# Task to carry out
Please repeat the entries below exactly as written, leaving out any images.

--- Source material ---

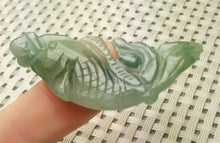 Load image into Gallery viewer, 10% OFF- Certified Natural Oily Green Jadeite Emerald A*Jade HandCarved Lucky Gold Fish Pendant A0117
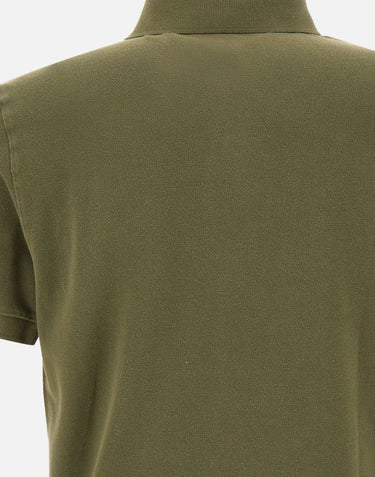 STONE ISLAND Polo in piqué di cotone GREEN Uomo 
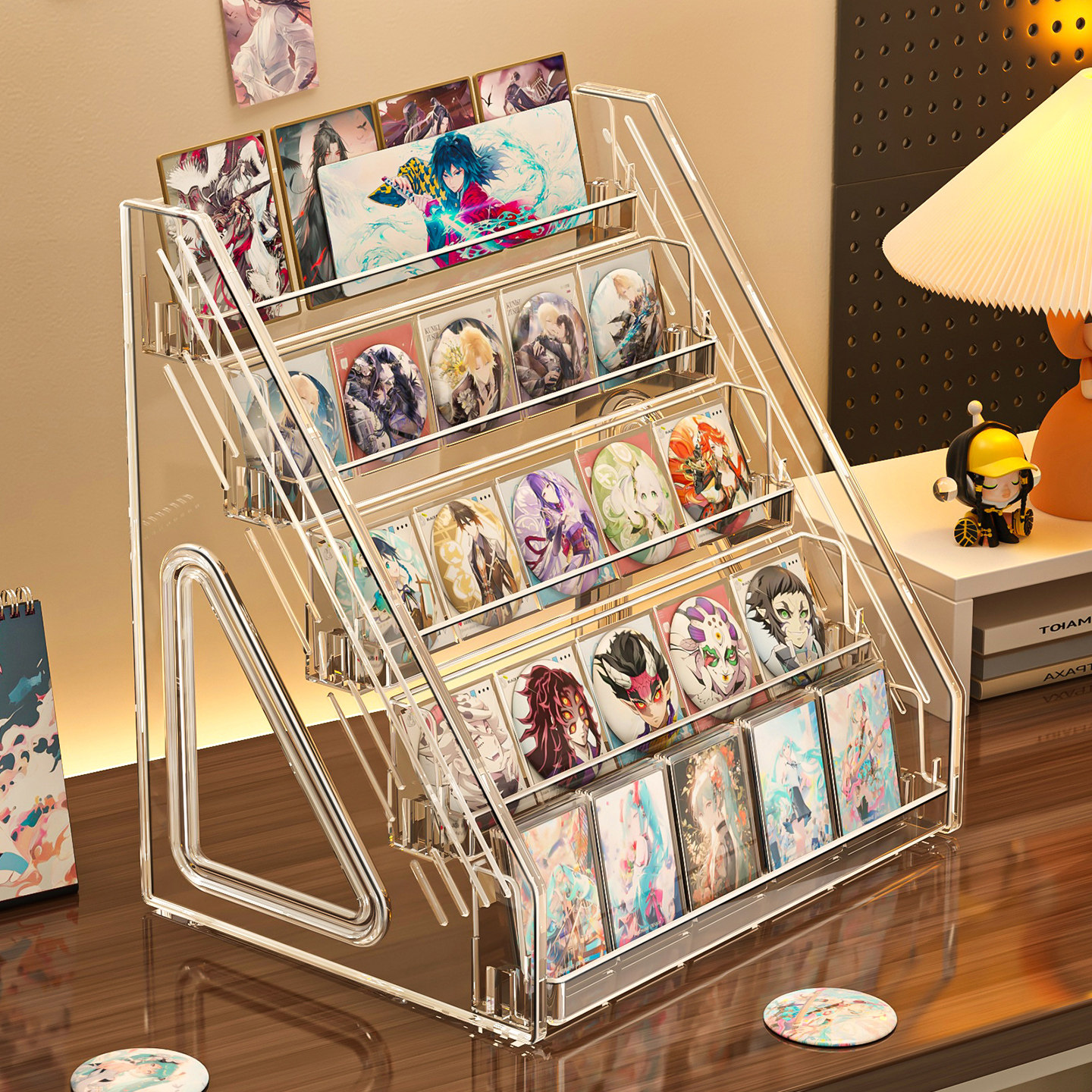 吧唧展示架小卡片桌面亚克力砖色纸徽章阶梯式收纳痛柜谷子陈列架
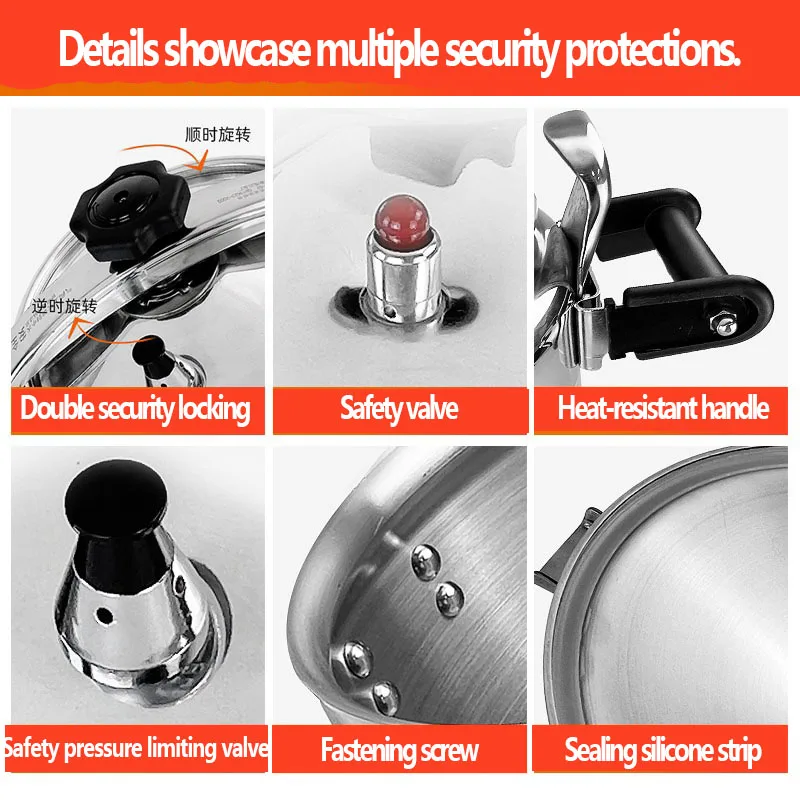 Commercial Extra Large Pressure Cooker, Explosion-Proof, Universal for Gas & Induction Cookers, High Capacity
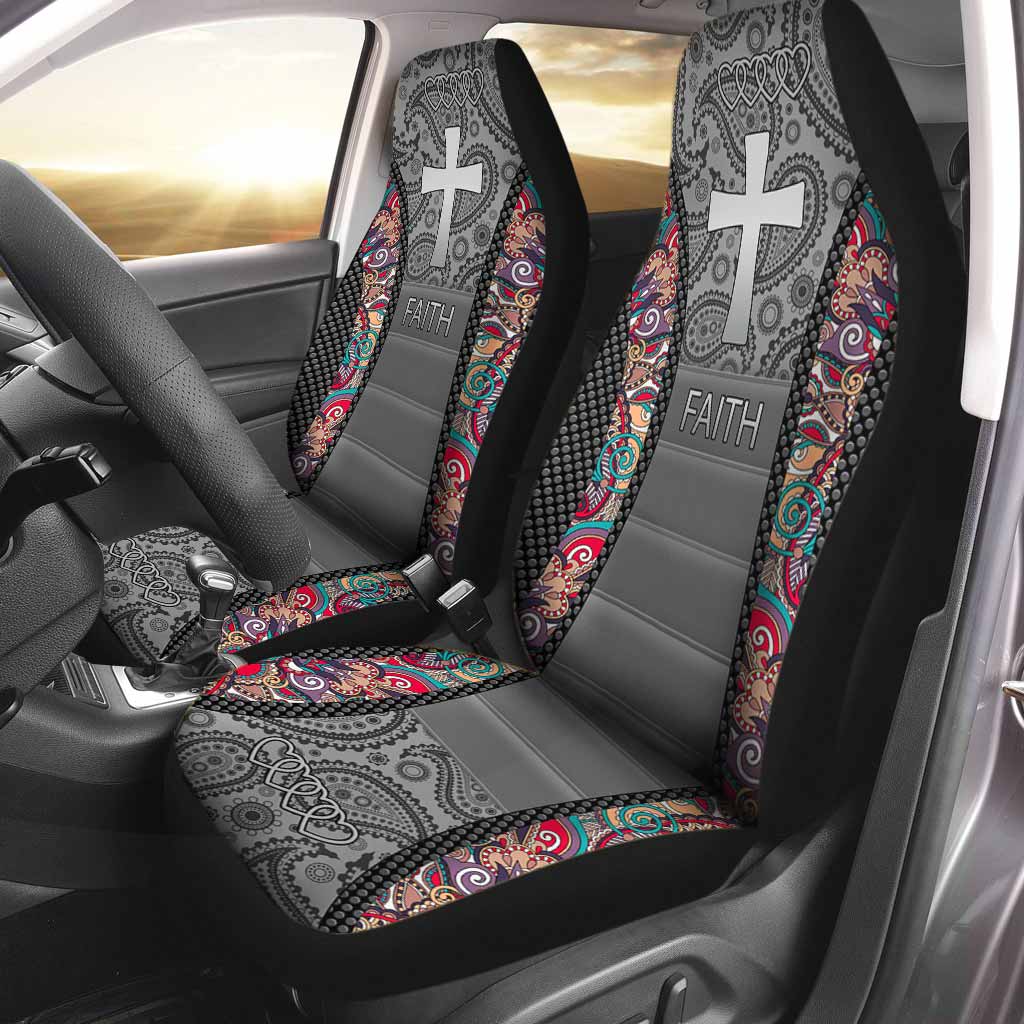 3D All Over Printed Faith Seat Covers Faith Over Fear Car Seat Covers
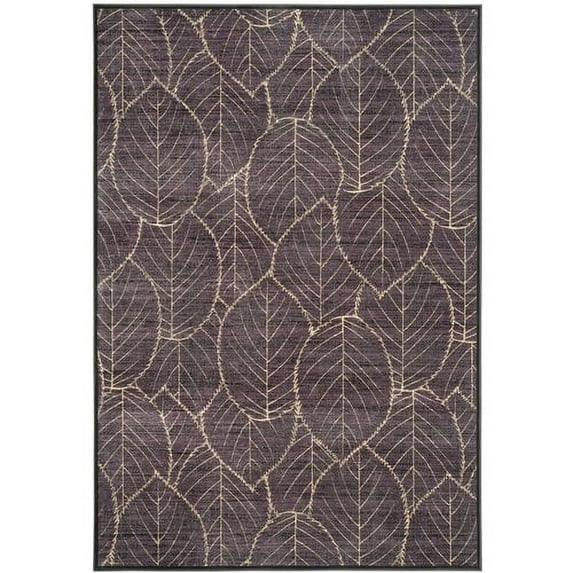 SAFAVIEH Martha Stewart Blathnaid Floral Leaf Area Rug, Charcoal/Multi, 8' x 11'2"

---

# Solved exercise
 Load image into Gallery viewer, 10% OFF- Certified Natural Oily Green Jadeite Emerald A*Jade HandCarved Lucky Gold Fish Pendant A0117
 STONE ISLAND Polo in piqué di cotone GREEN Uomo 
 吧唧展示架小卡片桌面亚克力砖色纸徽章阶梯式收纳痛柜谷子陈列架
 Commercial Extra Large Pressure Cooker, Explosion-Proof, Universal for Gas & Induction Cookers, High Capacity
 3D All Over Printed Faith Seat Covers Faith Over Fear Car Seat Covers
 SAFAVIEH Martha Stewart Blathnaid Floral Leaf Area Rug, Charcoal/Multi, 8' x 11'2"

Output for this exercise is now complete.